Where are the GOP ‘heroes’?

What you see here is a Twitter message fired off by U.S. Sen. Mitt Romney, the freshman Utah Republican who, during Donald Trump’s impeachment trial, cast the only GOP vote to convict Trump on an abuse of power allegation brought by the House of Representatives.

Now, Trump has commuted the 40-month federal prison sentence of Roger Stone, POTUS’s longtime political ally and personal friend.

Romney so far has emerged as the only Republican in either congressional chamber with a semblance of a spine.

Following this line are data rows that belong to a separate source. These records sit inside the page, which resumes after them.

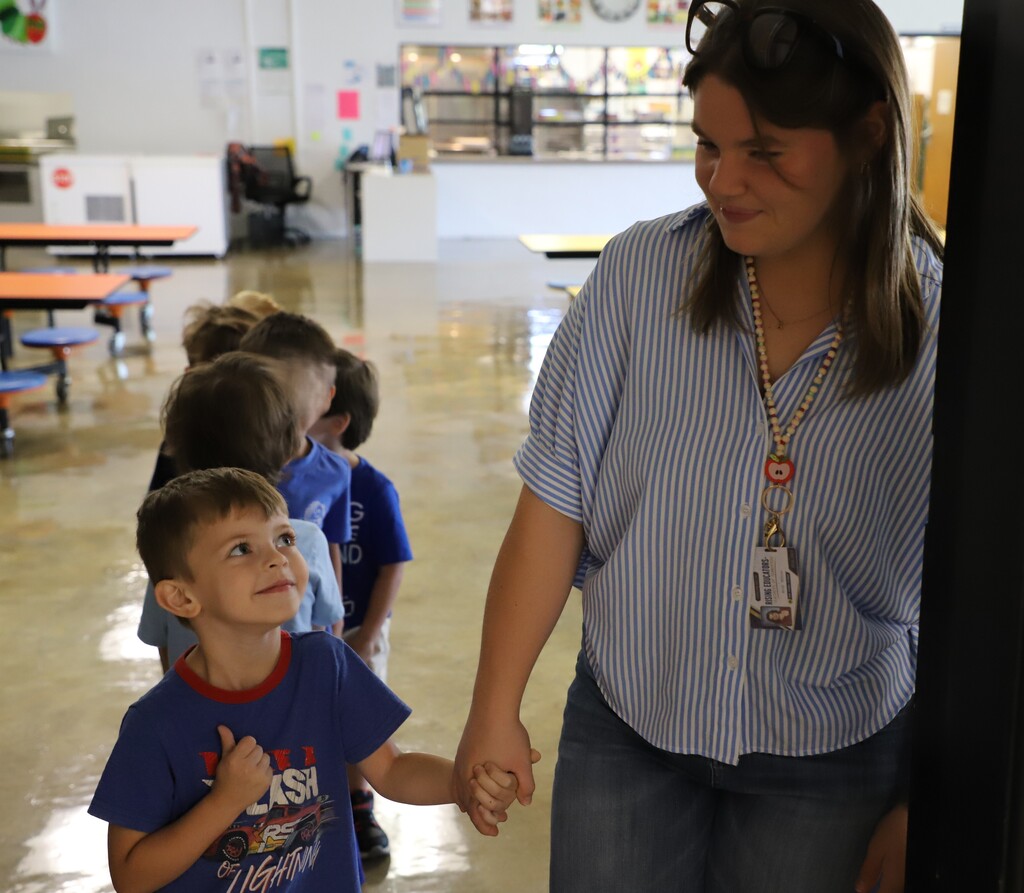 teacher or caregiver in a blue-and-white striped shirt leads a line of young children through what looks like a school cafeteria or hallway.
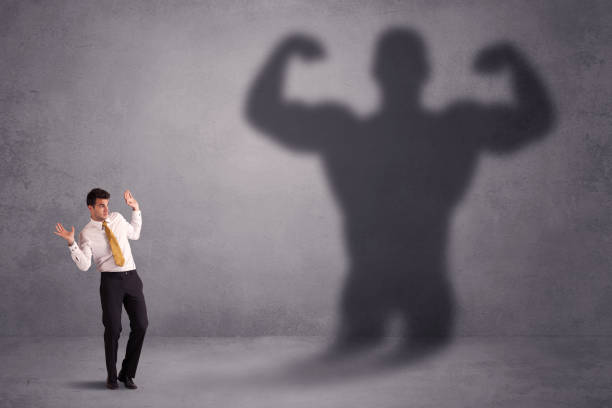 istock Business man looking at his own strong fit shadow concept 1094425826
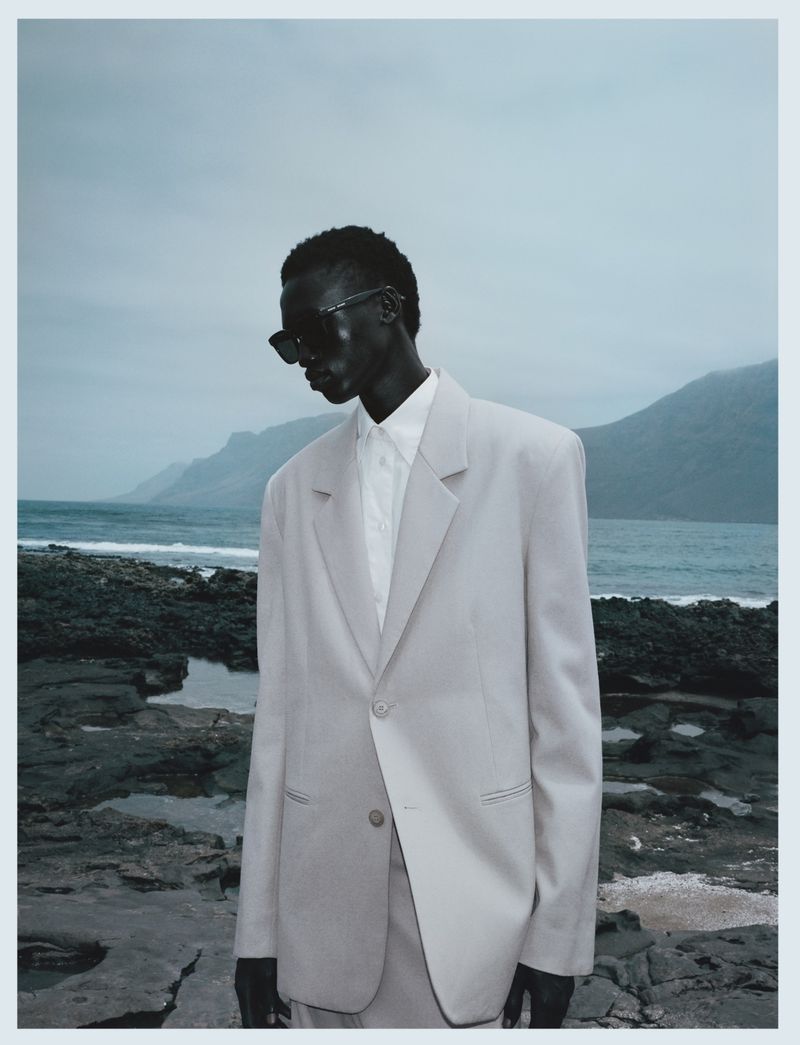 A solitary Black male model in a light grey suit poses on a rocky shore with mountains and ocean in the background under an overcast sky.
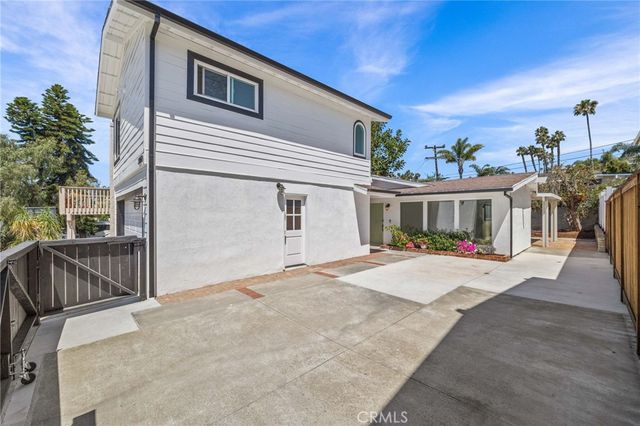 a bathroom with a sink double vanity and a mirror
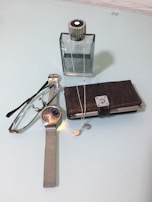 A wristwatch with a metallic mesh strap lies next to a pair of reading glasses. Nearby, there's a closed dark leather wallet and a sleek, square-shaped bottle. A silver chain and pendant are draped across the bottle and wallet.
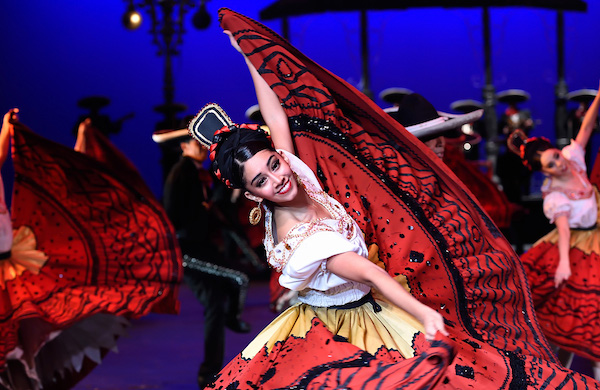 A dancer lifts a long red skirt 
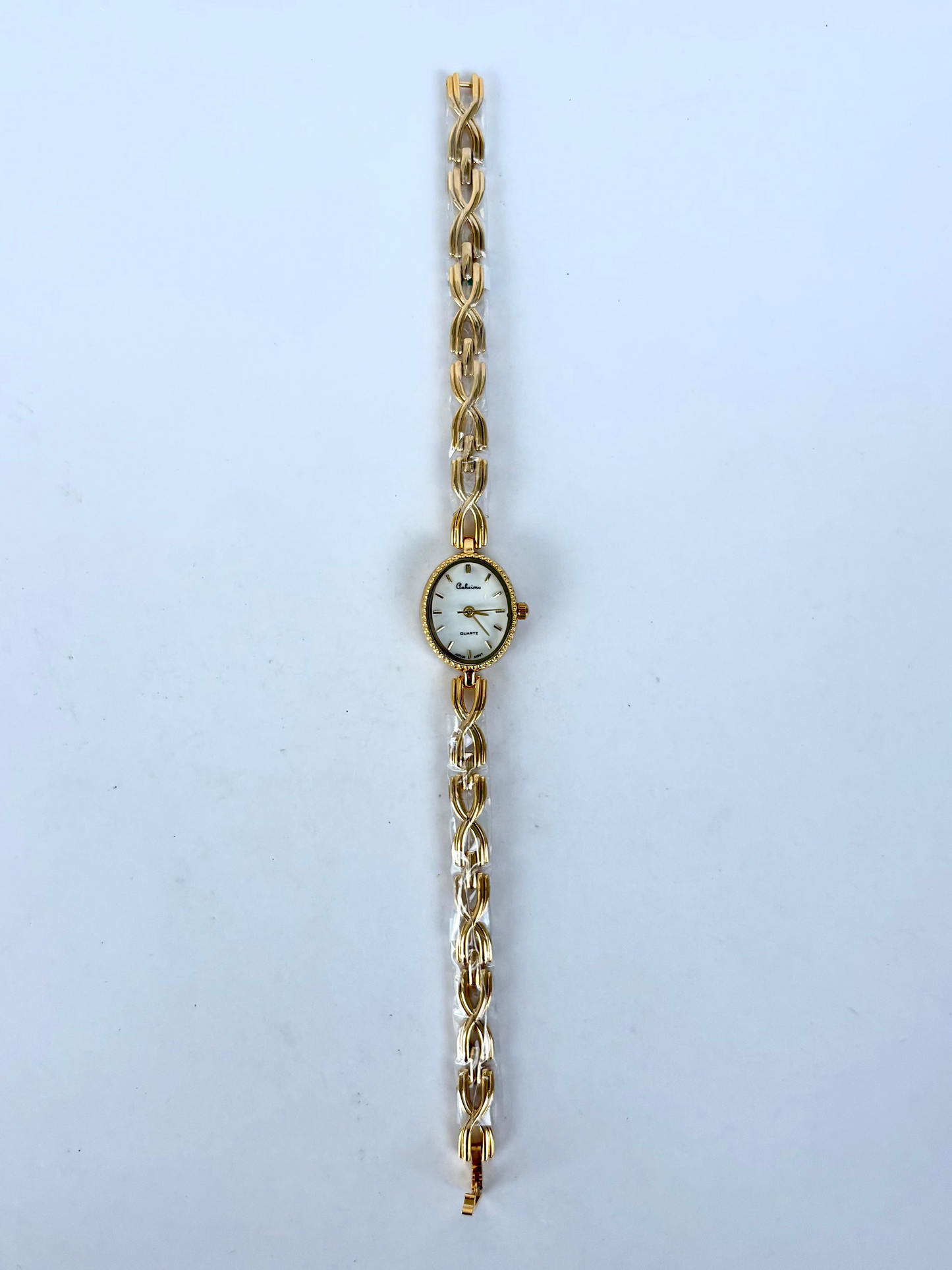 Dainty Gold Oval Dial Womens Watch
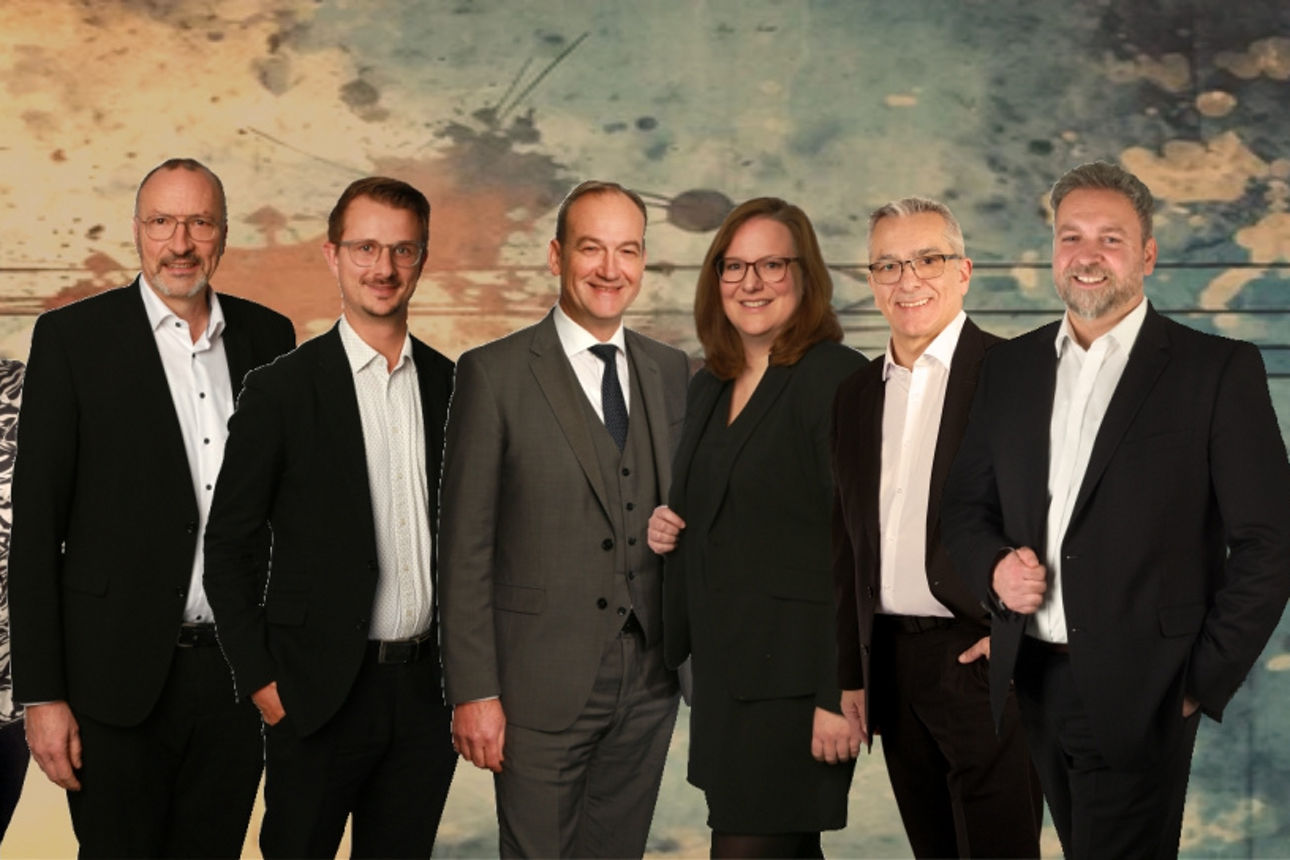 Gruppe elegant gekleideter Personen posiert vor einem farbigen Hintergrund in Business-Atmosphäre.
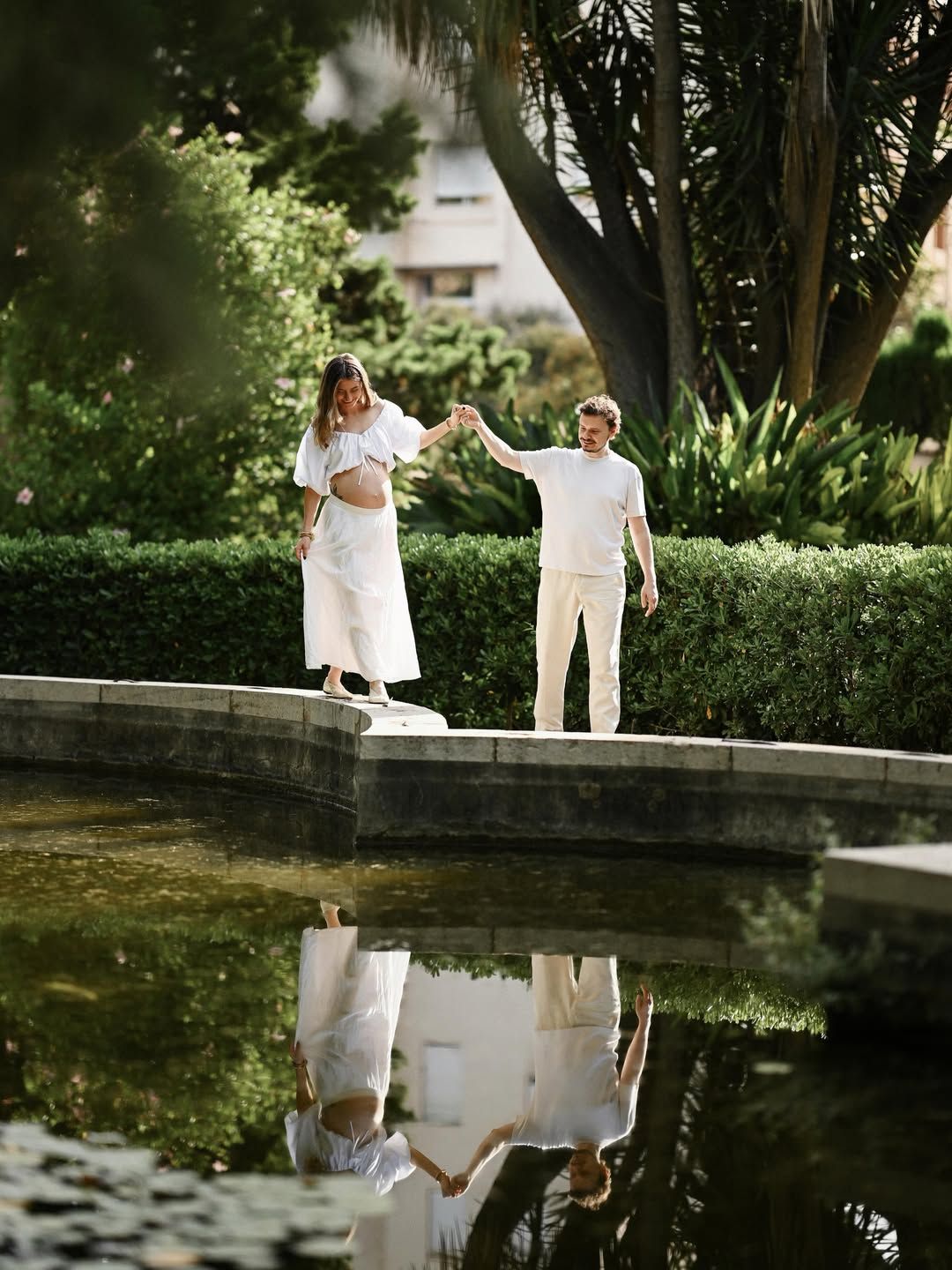 Expecting parents walking on a stone fountain edge with their reflection in the water during a Monforte Gardens maternity session.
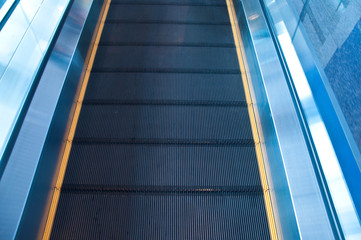 Moving escalator in an airport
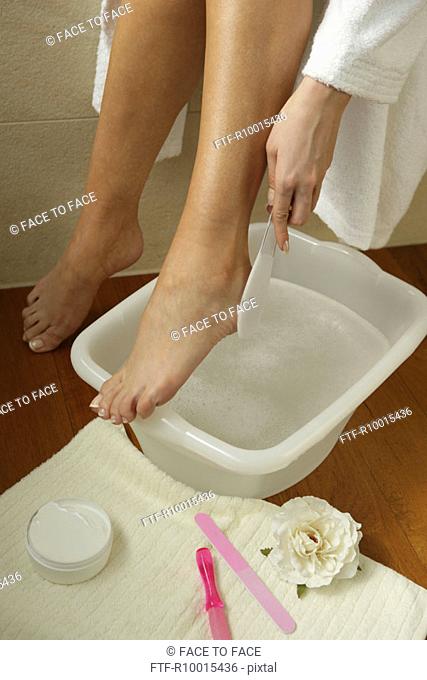 A high angle view of the leg of a woman above a soapy tub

His tweet condemning the commutation speaks volumes about why Trump’s decision is so terribly self-serving and dangerous.

I am thinking now of something the great journalist Carl Bernstein, who covered the Watergate scandal in the 1970s for the Washington Post, recently said about how that scandal unfolded, leading eventually to President Nixon’s resignation.

Bernstein talked about the Republican “heroes” who emerged to challenge the president directly. They stood on the principle that no one is above the law and that they, in good conscience, could not support the GOP president who had covered up his campaign’s participation in the burglary of the Democratic National Committee offices.

Those heroes, Bernstein said, are what brought an end to what became known as “our long national nightmare.”

Where in the name of political heroism are the rest of the GOP congressional caucus when it concerns this president?

Sen. Romney, the party’s 2012 presidential nominee, is standing alone against the cult of personality that Donald Trump has created?